As ligas e associações britânicas procuraram, ainda, ter o cuidado de separar os filhos de sua aristocracia da massa de trabalhadores, providenciando campos e equipes que não deveriam ser frequentadas indiscriminada ou mutuamente, originando equipes elitistas e outras, excluídas, de caráter “popular”. Os trajes e o comportamento do público eram vigiados e serviam como elemento de “separação”, além da criação de camarotes e lugares “VIPs” para as elites no interior dos estádios. Contudo, desde cedo, os clubes de futebol “operários”, como foi o caso Arsenal, acabaram conquistando os corações e a fidelidade das massas de esportistas ingleses, rompendo com a pretensa hegemonia aristocrata nos esportes. Desde sua origem, obra de um grupo de trabalhadores da “Woolwich Arsenal Armament Factory”, que decidiram ter seu próprio time em 1886, o Arsenal pode facilmemnte superar as agremiações da elite universitária das grandes “school” e, em seguida, superar o criquete, o pólo e o hoipismo como um esporte de massas.

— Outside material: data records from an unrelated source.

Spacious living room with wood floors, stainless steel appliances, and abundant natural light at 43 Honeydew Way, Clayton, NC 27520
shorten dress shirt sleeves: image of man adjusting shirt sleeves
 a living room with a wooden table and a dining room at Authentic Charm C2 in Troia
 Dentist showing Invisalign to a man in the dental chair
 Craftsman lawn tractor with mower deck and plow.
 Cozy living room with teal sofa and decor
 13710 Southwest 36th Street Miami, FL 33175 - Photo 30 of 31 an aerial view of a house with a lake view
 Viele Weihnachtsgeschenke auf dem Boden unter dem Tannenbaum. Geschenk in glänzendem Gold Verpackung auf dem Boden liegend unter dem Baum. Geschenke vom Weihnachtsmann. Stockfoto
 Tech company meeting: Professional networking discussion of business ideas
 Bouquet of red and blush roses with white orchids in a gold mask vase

Na Alemanha, onde o futebol tornou-se popular desde o final da Grande Guerra, superando os esportes de tipo ginástica coletiva, as associações tentaram afastar estrangeiros e trabalhadores dos gramados oficiais (inclusive os católicos), o que ocasionou uma longa disputa, em especial em torno de uma equipe de jogadores do Schalke 04, que nos anos de 1920, colocou em campo um time de trabalhadores ( eram mineiros ) e com alguns jogadores de origens polonesa e católica, chocando a elite “ariana” das ligas esportivas alemã. Contudo, a firmeza do Schalke 04, o “azulão”, tornou-o, então, o papel de clube socialmente integrador.

Na Alemanha, até 1919, antipatia com o futebol era bastante grande, em particular entre os adeptos do “Turn”, a ginástica coletiva e praticada ao ar livre. Somente o “Turn” era considerado um esporte tipicamente alemão, ligado bem mais ao aperfeiçoamento físico e a disciplina do que a competição (esta seria a noção de “esporte”, competição regrada, tipicamente britânica e contrária a uma “Kultur” germânica). Somente depois da Primeira Guerra Mundial (1914-1918), a com a morte de milhares de atletas do “Turn” – quase todos voluntários no conflito – que o futebol se generaliza na Alemanha, passando dos campos de rua nas cidades da Renânia para as fábricas. Assim, surgem clubes de feição “operária”, que terão forte oposição e das elites locais, em especial no tocante ao tema do amadorismo – ou seja, o monopólio daqueles que tinham rendas e podiam se dedicar aos esportes “desinteressadamente”.  O Schalke 04 (fundado em 1904, daí o “04”), com uma equipe de jogadores-operários (a maioria mineradores), nos anos ´20 – contemporaneamente ao enfrentamento do Vasco da Gama com a Associação carioca – será punido e desliga da Liga de Futebol por incorporar operários ao time. Na Alemanha como no Brasil a história do futebol é uma história da luta pela inclusão social e pela construção da identidade nacional.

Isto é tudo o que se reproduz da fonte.